WHAT THE TASK REQUIRES: Once the line containing "訳あり商品 仮装 制服" has been written out, stop; until then, restate each line of the entries below word for word from the first.

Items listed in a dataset
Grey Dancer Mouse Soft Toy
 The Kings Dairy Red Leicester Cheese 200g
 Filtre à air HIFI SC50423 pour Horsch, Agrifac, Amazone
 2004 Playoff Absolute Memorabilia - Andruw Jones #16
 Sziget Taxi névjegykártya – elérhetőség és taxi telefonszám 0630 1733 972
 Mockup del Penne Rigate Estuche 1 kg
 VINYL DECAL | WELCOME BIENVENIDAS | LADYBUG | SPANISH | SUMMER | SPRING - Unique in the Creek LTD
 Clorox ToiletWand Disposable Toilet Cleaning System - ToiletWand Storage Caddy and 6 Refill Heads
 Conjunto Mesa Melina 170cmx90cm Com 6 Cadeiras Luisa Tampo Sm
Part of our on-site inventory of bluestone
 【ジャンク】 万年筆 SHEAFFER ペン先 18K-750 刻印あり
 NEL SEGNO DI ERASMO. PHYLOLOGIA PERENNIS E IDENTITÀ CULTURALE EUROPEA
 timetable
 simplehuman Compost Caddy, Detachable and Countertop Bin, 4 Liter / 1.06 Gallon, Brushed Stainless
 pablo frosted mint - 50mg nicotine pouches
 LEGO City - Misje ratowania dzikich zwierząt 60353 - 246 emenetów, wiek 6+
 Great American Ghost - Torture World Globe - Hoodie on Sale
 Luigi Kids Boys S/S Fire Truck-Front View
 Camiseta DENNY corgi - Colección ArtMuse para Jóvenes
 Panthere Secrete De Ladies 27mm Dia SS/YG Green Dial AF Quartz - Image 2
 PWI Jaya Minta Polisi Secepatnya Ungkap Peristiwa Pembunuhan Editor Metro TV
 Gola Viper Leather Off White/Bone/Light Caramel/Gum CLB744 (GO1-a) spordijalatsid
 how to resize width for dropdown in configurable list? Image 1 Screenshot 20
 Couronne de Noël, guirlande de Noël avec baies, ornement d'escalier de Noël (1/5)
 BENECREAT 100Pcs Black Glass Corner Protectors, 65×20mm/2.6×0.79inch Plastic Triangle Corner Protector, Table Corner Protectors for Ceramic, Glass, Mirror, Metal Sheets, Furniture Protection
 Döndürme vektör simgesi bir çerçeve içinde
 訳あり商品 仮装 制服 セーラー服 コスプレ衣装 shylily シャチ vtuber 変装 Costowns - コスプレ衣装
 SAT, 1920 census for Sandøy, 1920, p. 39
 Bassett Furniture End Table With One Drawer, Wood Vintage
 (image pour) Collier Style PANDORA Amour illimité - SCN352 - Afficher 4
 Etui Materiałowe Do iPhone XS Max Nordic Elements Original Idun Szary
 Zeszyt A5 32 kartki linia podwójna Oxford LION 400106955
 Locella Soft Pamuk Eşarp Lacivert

EXERCISE RESPONSE:
Grey Dancer Mouse Soft Toy
 The Kings Dairy Red Leicester Cheese 200g
 Filtre à air HIFI SC50423 pour Horsch, Agrifac, Amazone
 2004 Playoff Absolute Memorabilia - Andruw Jones #16
 Sziget Taxi névjegykártya – elérhetőség és taxi telefonszám 0630 1733 972
 Mockup del Penne Rigate Estuche 1 kg
 VINYL DECAL | WELCOME BIENVENIDAS | LADYBUG | SPANISH | SUMMER | SPRING - Unique in the Creek LTD
 Clorox ToiletWand Disposable Toilet Cleaning System - ToiletWand Storage Caddy and 6 Refill Heads
 Conjunto Mesa Melina 170cmx90cm Com 6 Cadeiras Luisa Tampo Sm
Part of our on-site inventory of bluestone
 【ジャンク】 万年筆 SHEAFFER ペン先 18K-750 刻印あり
 NEL SEGNO DI ERASMO. PHYLOLOGIA PERENNIS E IDENTITÀ CULTURALE EUROPEA
 timetable
 simplehuman Compost Caddy, Detachable and Countertop Bin, 4 Liter / 1.06 Gallon, Brushed Stainless
 pablo frosted mint - 50mg nicotine pouches
 LEGO City - Misje ratowania dzikich zwierząt 60353 - 246 emenetów, wiek 6+
 Great American Ghost - Torture World Globe - Hoodie on Sale
 Luigi Kids Boys S/S Fire Truck-Front View
 Camiseta DENNY corgi - Colección ArtMuse para Jóvenes
 Panthere Secrete De Ladies 27mm Dia SS/YG Green Dial AF Quartz - Image 2
 PWI Jaya Minta Polisi Secepatnya Ungkap Peristiwa Pembunuhan Editor Metro TV
 Gola Viper Leather Off White/Bone/Light Caramel/Gum CLB744 (GO1-a) spordijalatsid
 how to resize width for dropdown in configurable list? Image 1 Screenshot 20
 Couronne de Noël, guirlande de Noël avec baies, ornement d'escalier de Noël (1/5)
 BENECREAT 100Pcs Black Glass Corner Protectors, 65×20mm/2.6×0.79inch Plastic Triangle Corner Protector, Table Corner Protectors for Ceramic, Glass, Mirror, Metal Sheets, Furniture Protection
 Döndürme vektör simgesi bir çerçeve içinde
 訳あり商品 仮装 制服 セーラー服 コスプレ衣装 shylily シャチ vtuber 変装 Costowns - コスプレ衣装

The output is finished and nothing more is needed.